MAYO AGRICULTURE

Wheat is grown in the southern and champaign parts; potatoes, oats, barley, and flax in the more elevated districts. But the greater portion of the latter division is under pasture, as the grass is found to be suitable for rearing young cattle, though it is not rich enough to fatten them. The farms in the grazing districts are in size from 100 to 500 acres. The general term of a lease is one life, or 21 years; a non-alienation clause is common; and latterly another has been occasionally introduced, by which a stipulated allowance is to be made to the tenant out of the reserved rent, for every acre of land reclaimed.

The manures are limestone gravel, especially for reclaiming bog and mountain; limestone, which is very general, and used wherever a supply of fuel for burning it can be had; composts of bog mould and farm manure; and, near the sea-coast, shell-sand and weed. Paring and burning is very prevalent, notwithstanding the penalties inflicted on the practice by act of parliament; the land, when so treated, produces tolerable crops for a few years, but is afterwards barren for a considerable length of time. When burning has been repeated three or four times, it has been found necessary to renovate the soil by a coat of bog mixed with earth or farm rubbish. In reclaiming bog, which is done by limestone gravel to the thickness of an inch, or by white marl, it is observed that when the heath dies, as it does in about three years, daisies and white clover shew themselves, indicating that the land is fit for tillage.

The plough is an implement little used in the boggy and mountainous parts; the long narrow spade, which supplies its place, is called a "loy." In Erris a spade of still more unusual construction is found to answer best in light sandy soils: it consists of two iron blades, each about three inches broad, with a space of an inch and a half between them, fixed on a two-forked shaft like two loys. The old and clumsy agricultural implements are rapidly giving way to those of a more improved description; the slide car is nearly extinct even in the mountains. Yet still the cottiers' implements are mostly limited to the spade and sickle, and the manure is carried to the field and the produce to market in wicker panniers on horses' backs or on the shoulders of women. In general, the ploughing is too light and the sowing too late in the season, hence the harvest of every kind of crop requires the farmer's attention simultaneously. Wheat is cultivated to some extent, but potatoes and oats are the main crops; green crops are more frequent than formerly: flax is raised only on the headlands or corners of a field for domestic use.

The most favourite breed of horned cattle is a cross between the old Leicester and the native stock; but the native cow is still preferred in the upland districts. The sheep are not equal to those of the adjoining counties. In the mountains a useful hardy race of horses is found; in the lowland districts the horses are remarkably good for the saddle and of superior action. Pigs do not enter into the rural economy of the small farmer to the same extent as in other counties. Dairies are neither numerous nor extensive, the rearing of young cattle being the more general occupation. The fences are dry stone walls formed by collecting the numerous loose stones off the land, but in Clanmorris and Kilmaine they are good ditches faced with quicksets.
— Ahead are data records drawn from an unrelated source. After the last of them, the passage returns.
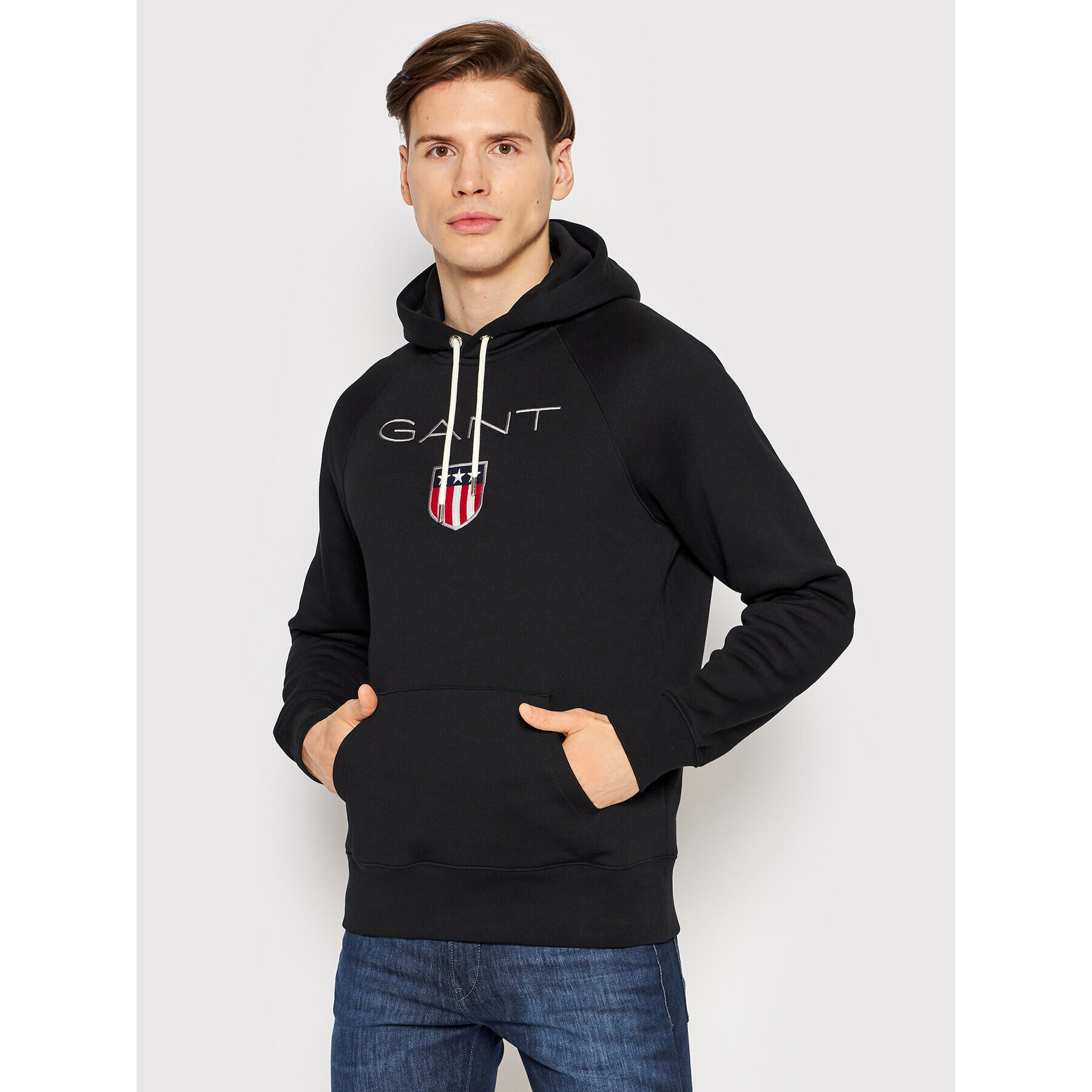 Gant Суитшърт Shield 276310 Черен Regular Fit - Pepit.bg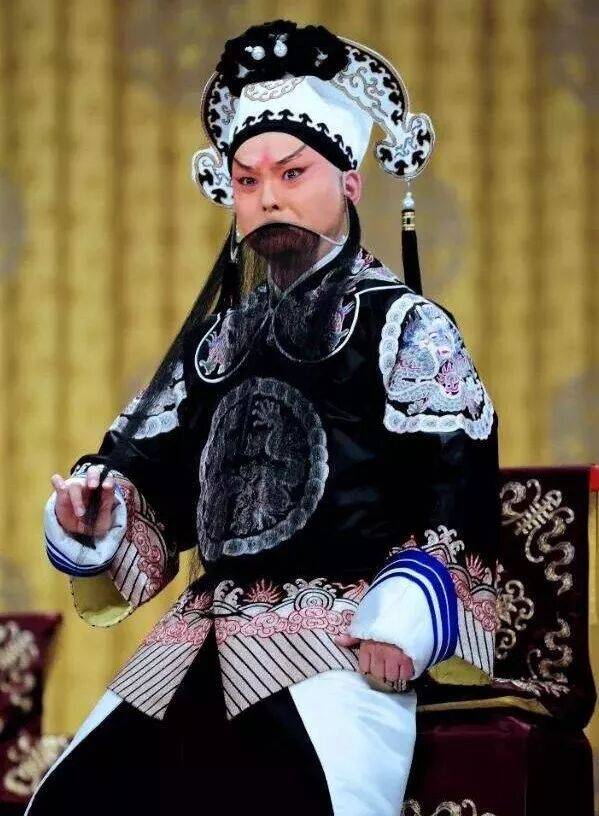 痛别<strong></p>
<p>安币</strong>!著名演员昨晚去世!4岁入行、刻苦一生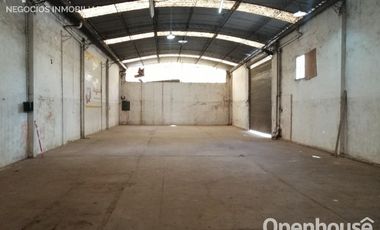 VENTA LOCAL COMERCIAL CON GALPON SOBRE RUTA 8 CENTRO DE PILAR.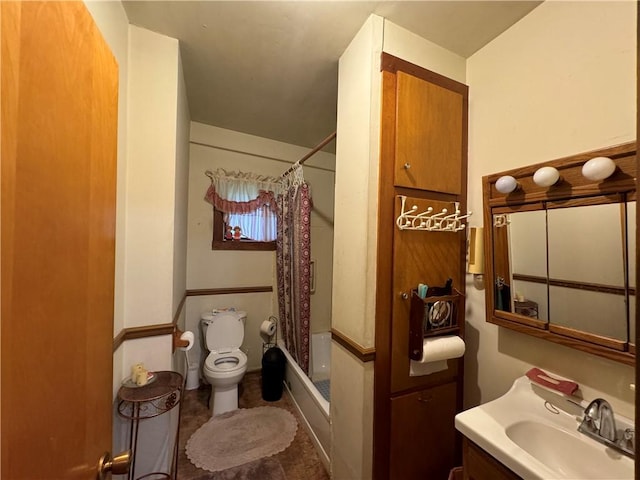 full bathroom featuring vanity, toilet, and shower / bathtub combination with curtain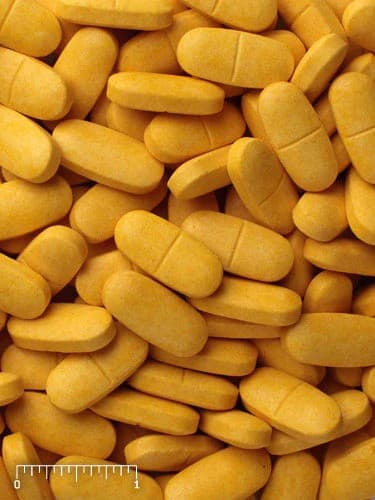 Small bird supplement with vitamin A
Draining and irrigation are little practised, though the soil and the command of water is favourable to both. So late as 1675, the county was well wooded, and had then three extensive forests, at Barnagee, Cappough, and Liscullen; but even the vestiges of these have been swept away, and the last extensive wood of the county, that of Glanmurra, on the shores of Killery bay, was felled in the winters of 1778 and 1779.

Natural oaks grow also on all the hills in the Barnagee mountains, and are kept down only by the browsing of the cattle. It has also been ascertained that bogs of an altitude too great to admit of profitable cultivation are capable of producing timber by planting and fencing. The most remarkable range of woods at present is round the base of Croagh Patrick mountain, following the windings of the Brackloon river.

The Marquess of Sligo has planted to a large extent and with great prospect of remuneration in the neighbourhood of Westport. In general the baronies of Tyrawley, Burrishoole, Gallen, and Costello, are nearly bare of timber; in Murrisk it abounds, chiefly on the Marquess of Sligo's property, as also in Clanmorris, which exhibits some woods of fine full-grown timber: but in Carragh the plantations are few.